* [PROBLEM REQUIREMENTS]
Once you find the line below that has "photo24.jpg", output it and every line after it exactly, stopping after the line that has "Almost Home Feline", with no pictures.
--- DATA SECTION Enclosed Below ---
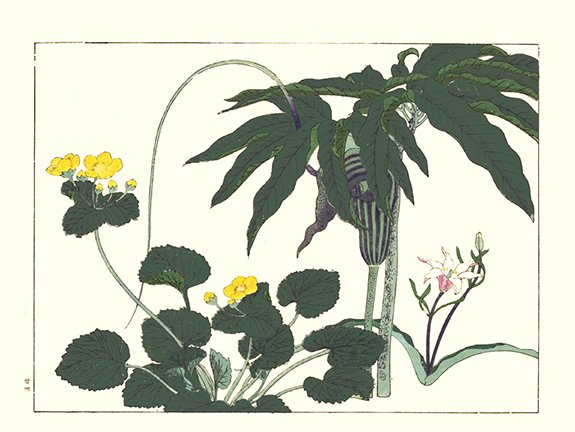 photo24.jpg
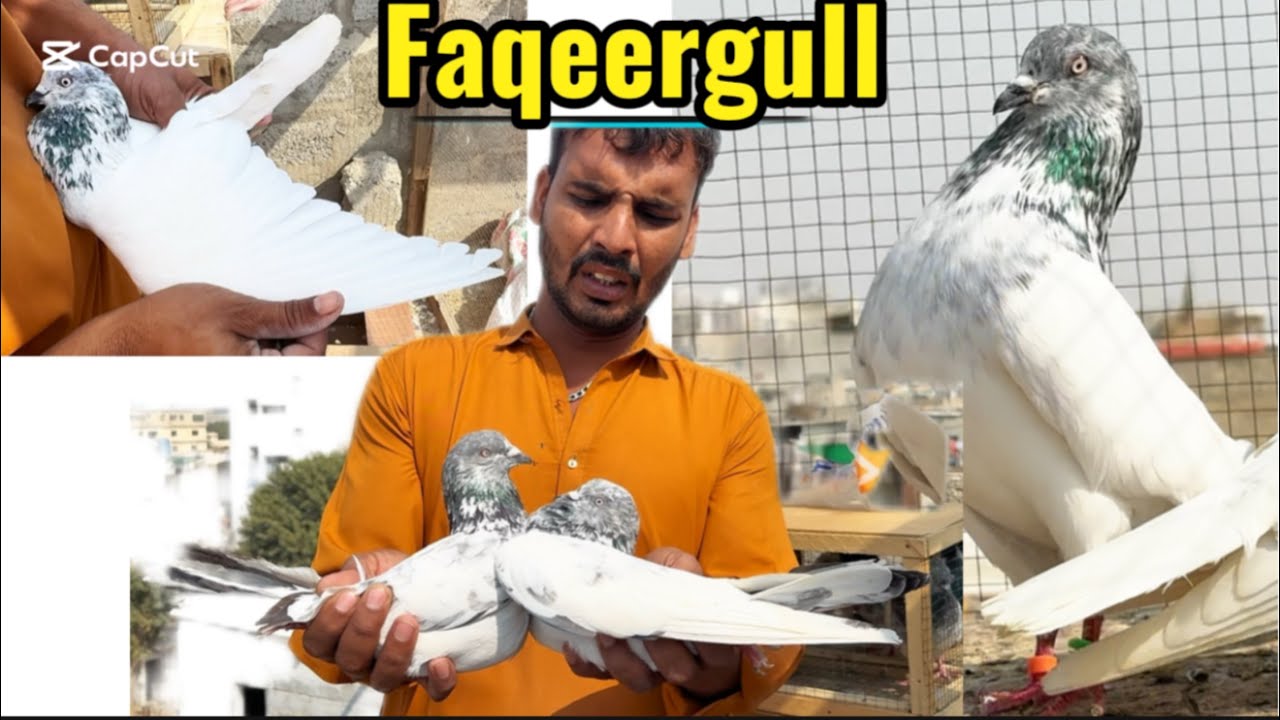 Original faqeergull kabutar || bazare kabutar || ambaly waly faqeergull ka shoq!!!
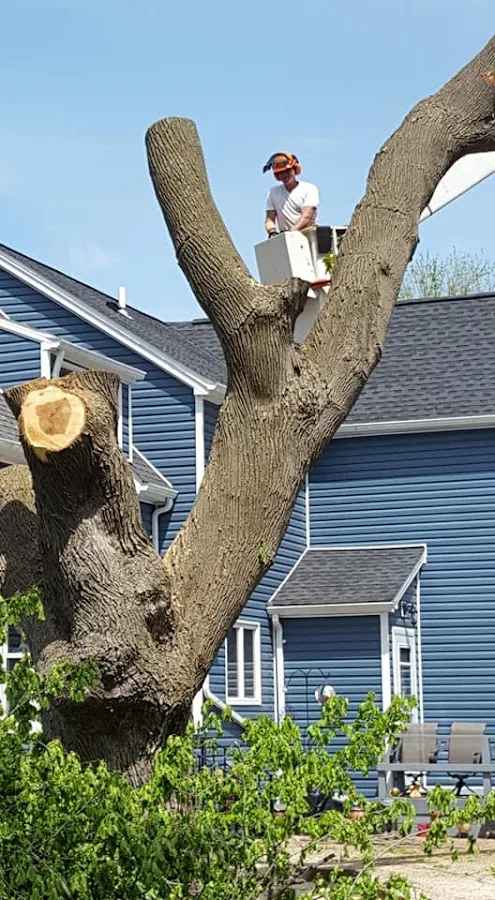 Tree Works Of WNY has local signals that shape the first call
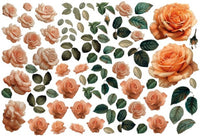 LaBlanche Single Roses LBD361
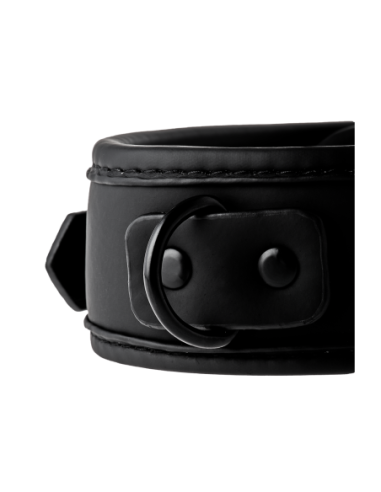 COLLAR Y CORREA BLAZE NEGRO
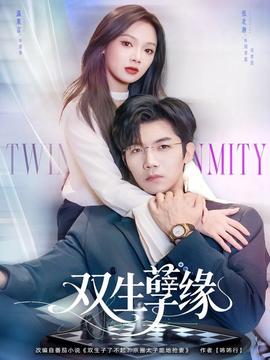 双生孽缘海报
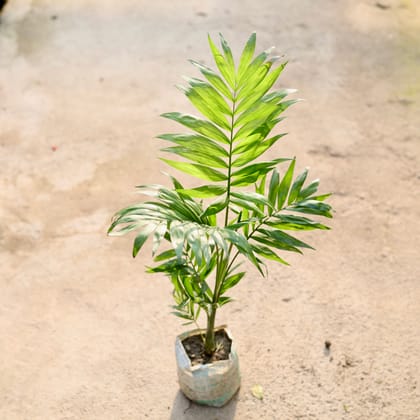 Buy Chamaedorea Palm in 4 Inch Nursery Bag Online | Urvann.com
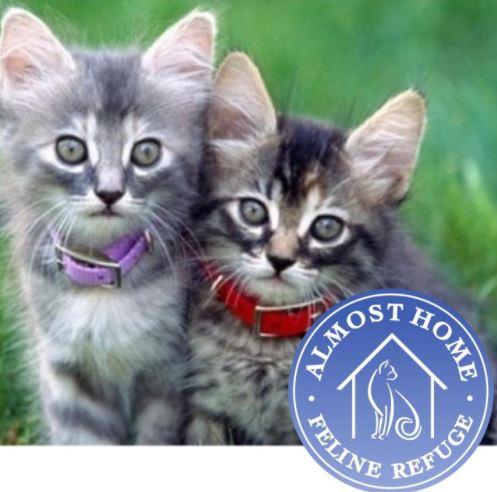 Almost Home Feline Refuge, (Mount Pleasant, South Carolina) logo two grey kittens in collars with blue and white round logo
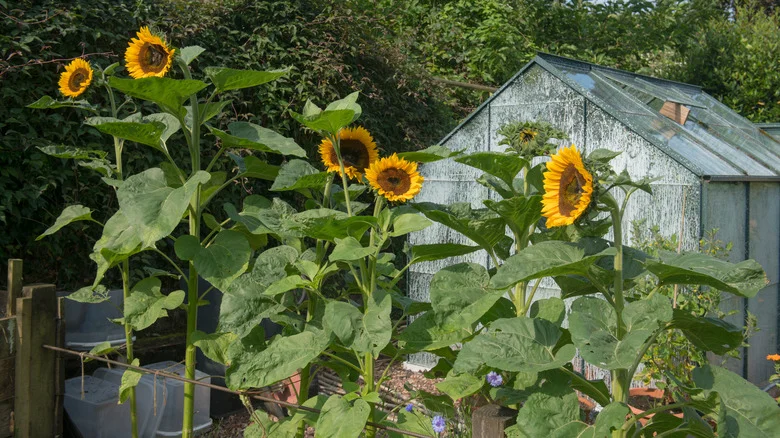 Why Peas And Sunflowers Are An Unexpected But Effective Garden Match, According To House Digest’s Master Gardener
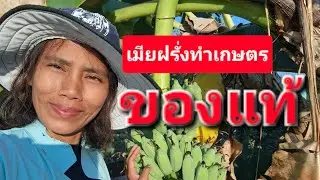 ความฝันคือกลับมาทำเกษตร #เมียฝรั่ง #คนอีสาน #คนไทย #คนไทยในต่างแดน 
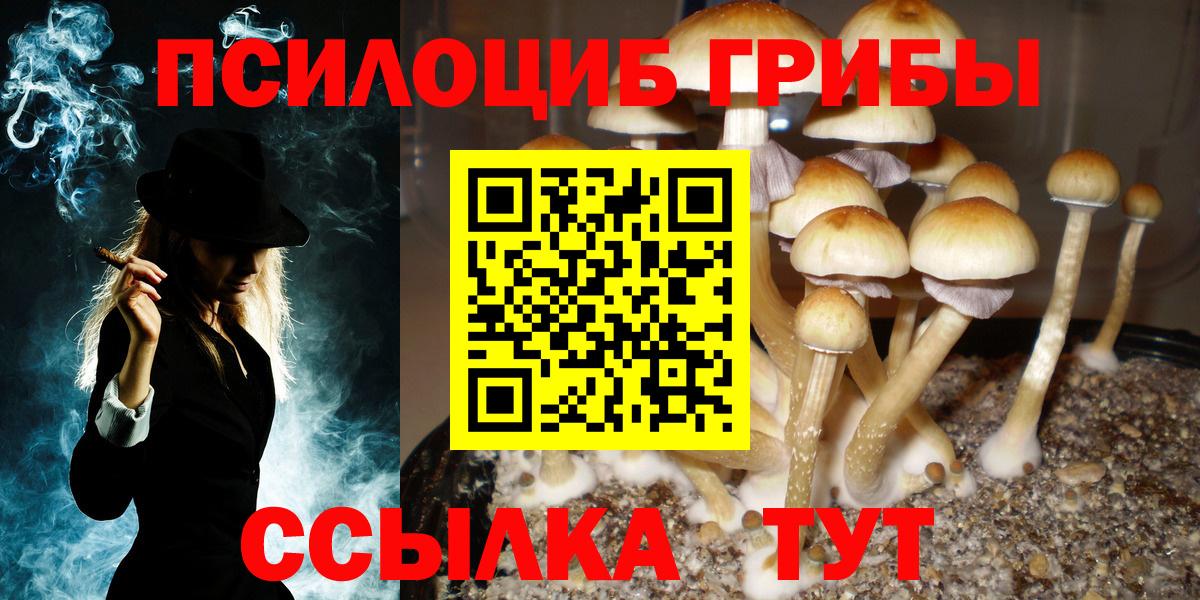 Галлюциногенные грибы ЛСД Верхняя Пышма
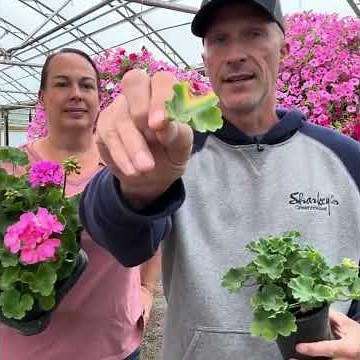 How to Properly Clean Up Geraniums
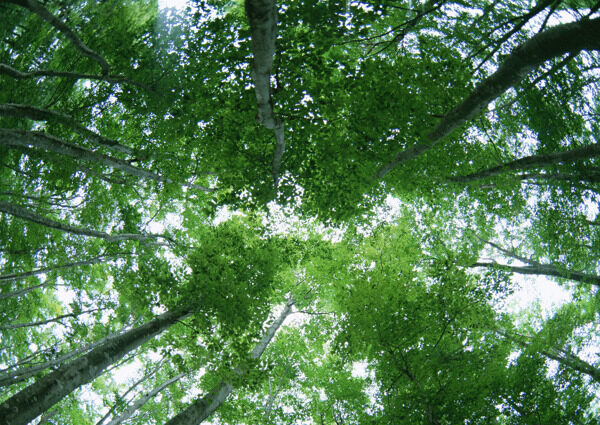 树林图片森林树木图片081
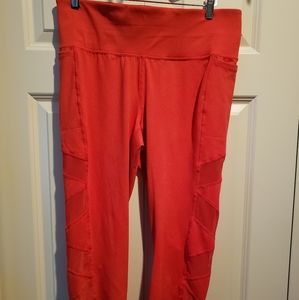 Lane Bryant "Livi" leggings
--- End of Enclosed DATA SECTION ---
--- DATA SECTION Enclosed Below ---
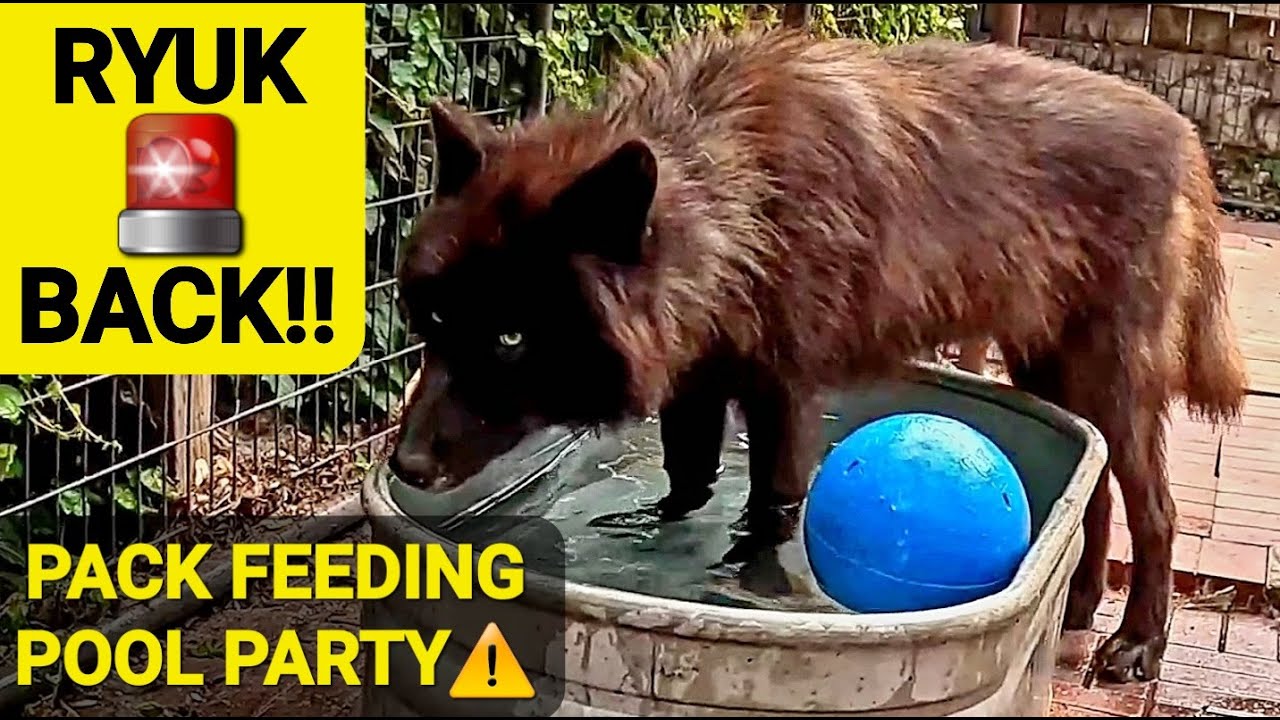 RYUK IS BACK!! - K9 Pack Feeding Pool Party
--- End of Enclosed DATA SECTION ---
* [ANSWER FOR THE TASK]
 photo24.jpg
 Original faqeergull kabutar || bazare kabutar || ambaly waly faqeergull ka shoq!!!
 Tree Works Of WNY has local signals that shape the first call
 LaBlanche Single Roses LBD361
 COLLAR Y CORREA BLAZE NEGRO
 双生孽缘海报
 Buy Chamaedorea Palm in 4 Inch Nursery Bag Online | Urvann.com
 Almost Home Feline Refuge, (Mount Pleasant, South Carolina) logo two grey kittens in collars with blue and white round logo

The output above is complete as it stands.